Jim Wallis (Sojourners): You mentioned that we need to understand our North American situation in light of the Nicaraguan situation. I think that is very important, because it is not the case that everyone in the United States is comfortable and well fed and has their material needs taken care of. Some of our churches are in areas where people are very poor. Too often the evangelical churches of the United States have preached the same gospel to the poor there as they have here.
It's important that we understand theologically that such a gospel is not a coincidence, but serves the interests of those who are in power. The church in the United States often has been like the church in Nicaragua under Somoza, serving the interests of the wealthy and the powerful, not the needs of the poor.
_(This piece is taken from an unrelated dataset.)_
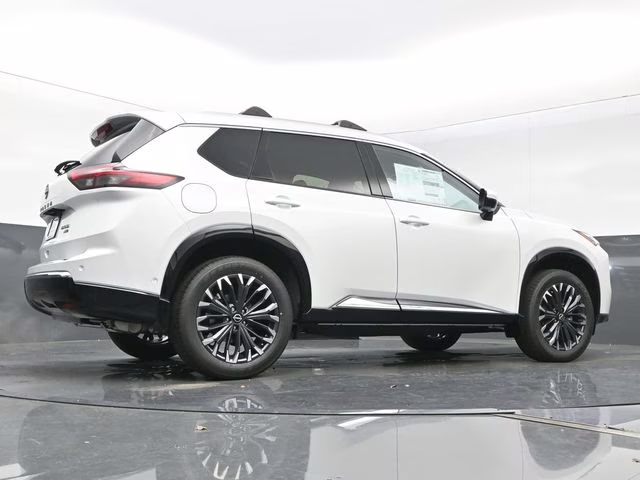2026 Everest White Pearl Tricoat Nissan Rogue Platinum AWD SUV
So this theological conversation helps to explain the political relationship between the United States and Central America.
There is a new American church emerging in our country, doing the same theological reflection there that you are doing here. Luke 4:16 is also a key scripture for us. Many of us feel strong solidarity with your reflection.
Mareina: When we say there's no lack in the United States, I'm speaking psychologically. Even though the people live in poverty, psychologically the situation is different. Here in Nicaragua people lived in the time of Somoza, in the very worst of circumstances, and now they are offered a chance to escape from that misery and they don't want to. It's an oppressed mentality, a psychological problem. So what we're striving for is to lift people out of that kind of a mental state of resignation, but they reject this because they say that's communist.
Unidentified Pastor: The categories of spiritual and material we are finding very, very difficult to separate. We are very interested in knowing why the relationship is of such intense concern to you. What historical distortion lies behind that? This separation was something that was imposed on the mission field; it's an imported issue. It is a battle being fought in other places, but not here.
Sider: I think part of the problem is that some Christians today want to be concerned only with justice, and so they learn to speak in a way that confuses us. That's just as bad, I think, as what most evangelicals have done in the last decade, which is to largely ignore social justice. Do you see a distinction between those two things?
Unidentified Pastor: Of course, we do see a distinction. We preach the gospel, we proclaim the gospel. The evangelical churches haven't ceased for a moment to carry out this ministry.
I'd like to say that I am very grateful to the Central American mission, the first to bring the gospel here to Nicaragua. A missionary came very young to this country and recently returned to the United States an elderly woman, after giving most of her life to the work of the Lord in this place. I've been a Christian for 20 years, since that moment when I surrendered myself, body, soul, and spirit to the Lord, because I was taught that was what we must do.
I'm also aware that only Christ in the heart of the people can realize the changes we need. I want to say one thing again: I give thanks to the Lord for the situation that has happened here in this nation so that every day more people come to the knowledge of the truth and the light of the gospel of Jesus Christ.